Era uma vez, uma vila pequena, ao lado de uma imensa floresta. Ali, morava uma senhora muito bondosa e amiga de todas as pessoas. Muito educada e gentil, estava sempre pronta para ajudar as pessoas no que precisassem.
Era uma tarde de verão. Ela estava arrumando uma cesta com doces que havia preparado:

MÃE: (Arrumando uma cesta com bolos, biscoitos, doces... fala para o público) Olhem só que doces gostosos que preparei. Vocês gostam de doces? Aposto que sim. E quem não gosta? Hum!!! Esse bolo aqui está uma delícia. Sabem o que vou fazer com esses doces? Preparei esta cesta tão bonita para dar de presente para a vovó, que mora lá do outro lado da floresta. Ela também gosta muito de doces. Como ela está velhinha, não pode andar muito e não pode vir até minha casa. Por isso, vou pedir pra minha filhinha levar essa cesta pra ela. Vocês conhecem minha filha? Querem saber o nome dela? Bem, eu sei o nome dela, mas ninguém chama minha filha pelo nome, sabem por que? Por que ela tem um apelido muito legal. Como ela usa um chapéu vermelho na cabeça, todos só a chamam de “Chapeuzinho Vermelho”.
(chamando) Chapeuzinho... Chapeuzinho Vermelho...

Chapeuzinho (entrando) O que foi mamãe.

Mãe: Chapeuzinho Vermelho, veja só a cesta que preparei para a vovó. Eu gostaria que você levasse para ela.

CHAPEUZINHO: Oba! Vou ver a vovó! Já estava com saudades dela. Posso ir já, mamãe?

MÃE: Pode sim, minha filha. Mas, não se esqueça. Tome muito cuidado. A floresta é muito perigosa. Por isso, não vá pela floresta, vá pela estrada, que tem menos perigo.

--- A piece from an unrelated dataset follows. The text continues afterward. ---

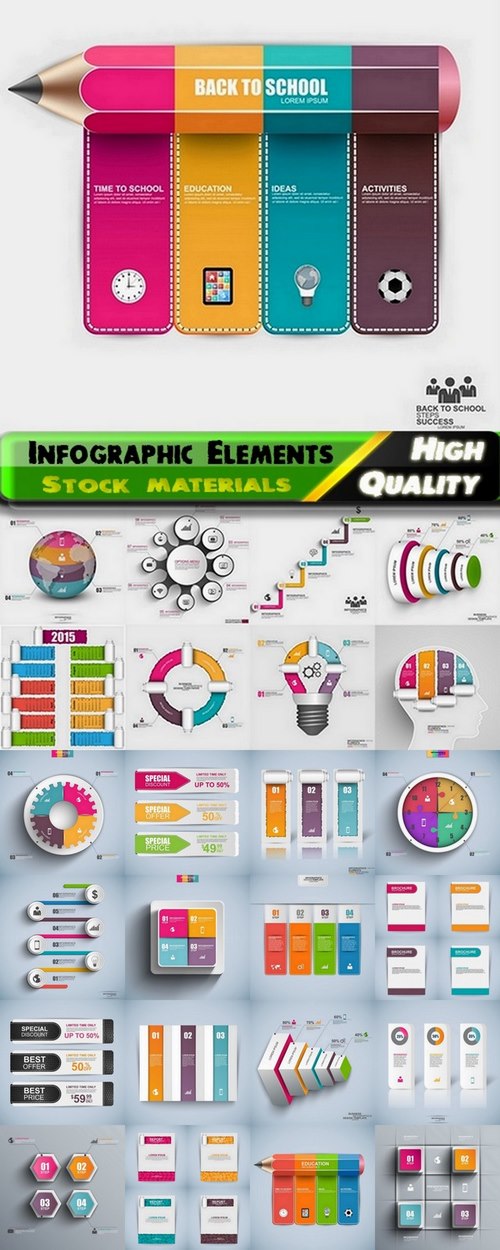 Infographic Design Elements in vector set from stock #98 - 25 Eps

CHAPEUZINHO: Mas, mamãe, pela estrada é muito longe. Vai demorar muito. Pela floresta, é bem mais perto, não precisa dar toda aquela volta. É só pegar esse carreiro aqui que chega logo na casa da vovó.

MÃE: Eu sei que pela estrada é mais longe, mas é muito mais seguro. Na floresta tem muitos perigos. Por isso, obedeça sua mãe. Ande um pouco mais, mas vá com segurança pela estrada, tá bom?

CHAPEUZINHO: Tá bom, mamãe, tá bom.

MÃE: Tome, aqui está a cesta. Pode ir. E não esqueça: “Pela estrada”.

CHAPEUZINHO (dando um beijo na mãe) Tá bom, mãe, tá bom. Já entendi.

MÃE: Tchau, filha. Vou lá pra dentro terminar de limpar a casa (sai).

CHAPEUZINHO (fala para o público) Mãe é um problema, vocês não acham? Vejam só. Estão vendo aquele mato ali na frente? Aquelas árvores bonitas e perfumadas? Aqueles passarinhos cantando? Vocês acham que pode ter algum perigo ali? Só a mãe da gente mesmo pra enxergar perigo em um lugar tão bonito. Mas ela insiste em querer que eu vá pela estrada. Se eu for pela estrada, vou levar mais de duas horas pra chegar na casa da vovó. Pela floresta, eu chego em pouco mais de meia hora. Sabem de uma coisa, não contem nada pra mamãe, mas eu vou pela floresta. (vai).
(o cenário fica vazio. Aparecem o lobo e o lobinho cantando:).
Eu sou o lobo mau, lobo mau, lobo mau. Eu pego as criancinhas pra fazer mingau.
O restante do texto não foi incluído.